The combat of Yecla (11 April 1813) was a French success at the start of the Castalla campaign that saw Suchet’s Army of Valencia split the Allied army facing them on the Xucar, giving Suchet a chance of inflicting a serious defeat on Murray’s army of Alicante (Peninsular War).
In the spring of 1813 Sir John Murray’s Allied army of Alicante was involved in a standoff with Marshal Suchet’s Army of Valencia, which held the line of the Xucar River. In theory Murray greatly outnumbered Suchet, but his army was a mix of British, Sicilian, Spanish and allied troops of varying quality, and he had limited control over many of the Spanish troops. In March he seriously considered launching an amphibious assault on Valencia, but only an initial diversionary attack towards Albeyda (15 March 1813) was actually carried out before news from Sicily forced him to cancel the attack.
By April Suchet had come to the conclusion that Murray was no longer planning any immediate attack. Murray’s army was still rather scattered, with one division around Albeyda and his main force at Castalla, some way to the south. In the west Murray’s left was in contact with part of the Spanish army of Murcia, which had Mijares’s division posted at Yecla.
Suchet decided to use almost all of his field army to attack around Murray’s left wing, cut him off from his Spanish allies, and destroy his main force around Castalla. He successfully moved most of his troops in secrecy to Fuente la Higuera, on his far right. He then split the force into two. Habert’s division and Musnier’s division were to advance into the gap between Murray and the Spanish, heading for Villena, while six battalions from Harispe’s Division were to attack the Spanish at Yecla.
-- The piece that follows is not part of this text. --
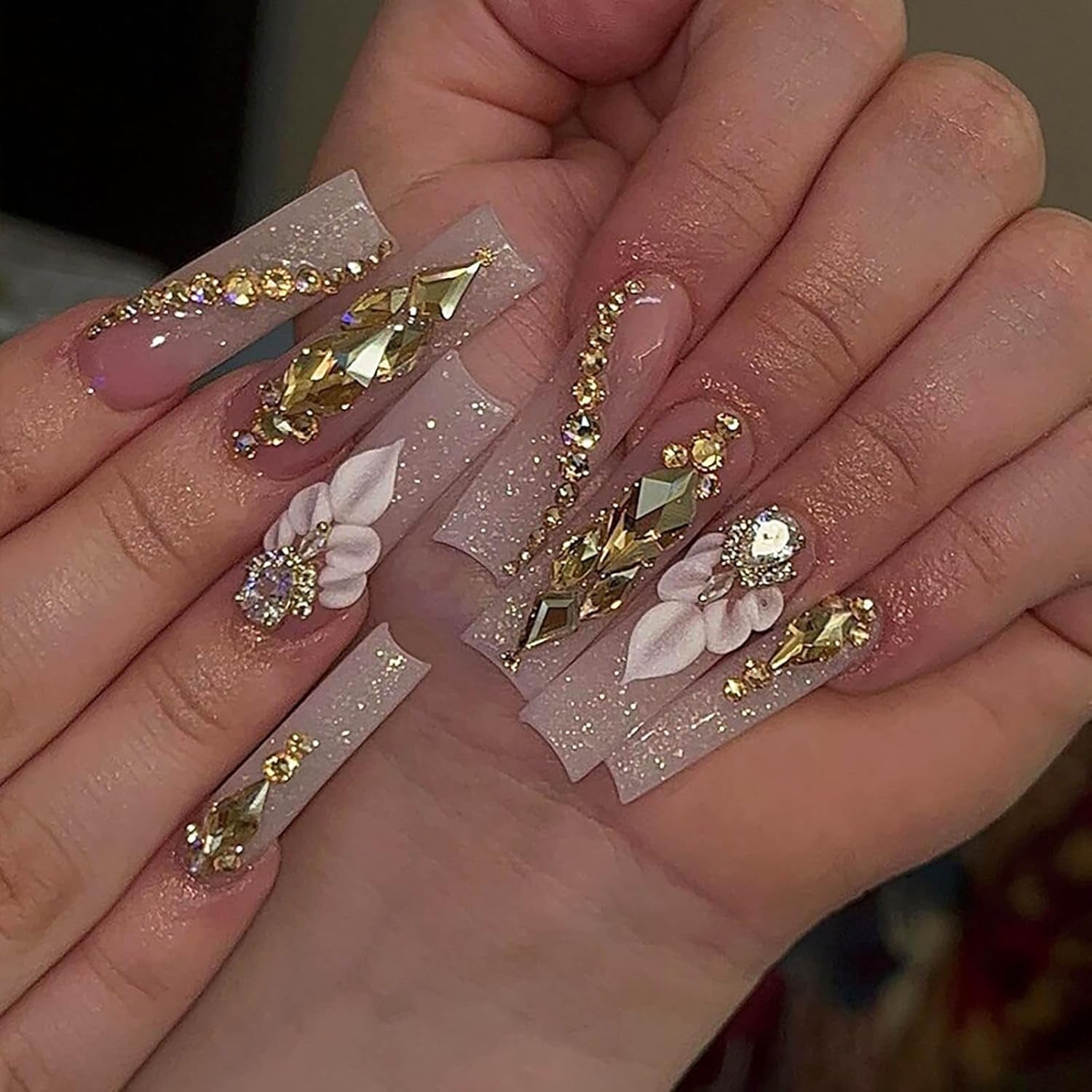 Square Nails with Flower and Rhinestones Design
Harispe attacked Mijares at dawn on 11 April. The Spanish only had four infantry battalions and one cavalry squadron present, so were badly outnumbered. Mijares quickly realised this, and ordered a full scale retreat west towards the mountains at Jumilla. Harispe responded by ordering his hussars and dragoons to attack the retreating Spanish. The two leading Spanish battalions (Jaen and Cuenca) escaped without suffering many losses, but the rear two (the 1st Burgos and Cadiz regiments) were caught by the cavalry. They formed squares, and were able to repel the first two French attacks, but they were broken by the third attack. Between them the two Spanish battalions lost 400 dead and 1,000 captured. The French only reported 18 dead and 61 wounded.
News of this battle reached Sir John Murray and the Spanish General Elio at Villena by noon of 11 April. They also discovered that a second, larger, French force, was heading directly for them. Luckily for the Allies, Murray had brought Colonel Adam’s ‘light brigade’ with him. Murray headed back to Castalla to join his main force, while Adam was ordered to defeat the bass of Biar for as long as prudence permitted. At the same time he ordered his scattered units to concentrate at Castalla. Elio left a battalion in the castle of Villena, and attempted to concentrate his own troops.
On 12 April Suchet arrived outside Villena, and after a brief bombardment the garrison surrendered. He was thus only ten miles away from Castalla, with only Adam’s light brigade in his way. Murray’s forces were still scattered, and for a short time it looked as if Suchet would be able to reach Castalla before Murray was able to concentrate his men. However Adam fought a very skilful rearguard action (combat of Biar), forcing Suchet to delay his attack until the following day. By this point Murray’s forces were in place, and he was able to win a defensive victory at Castalla.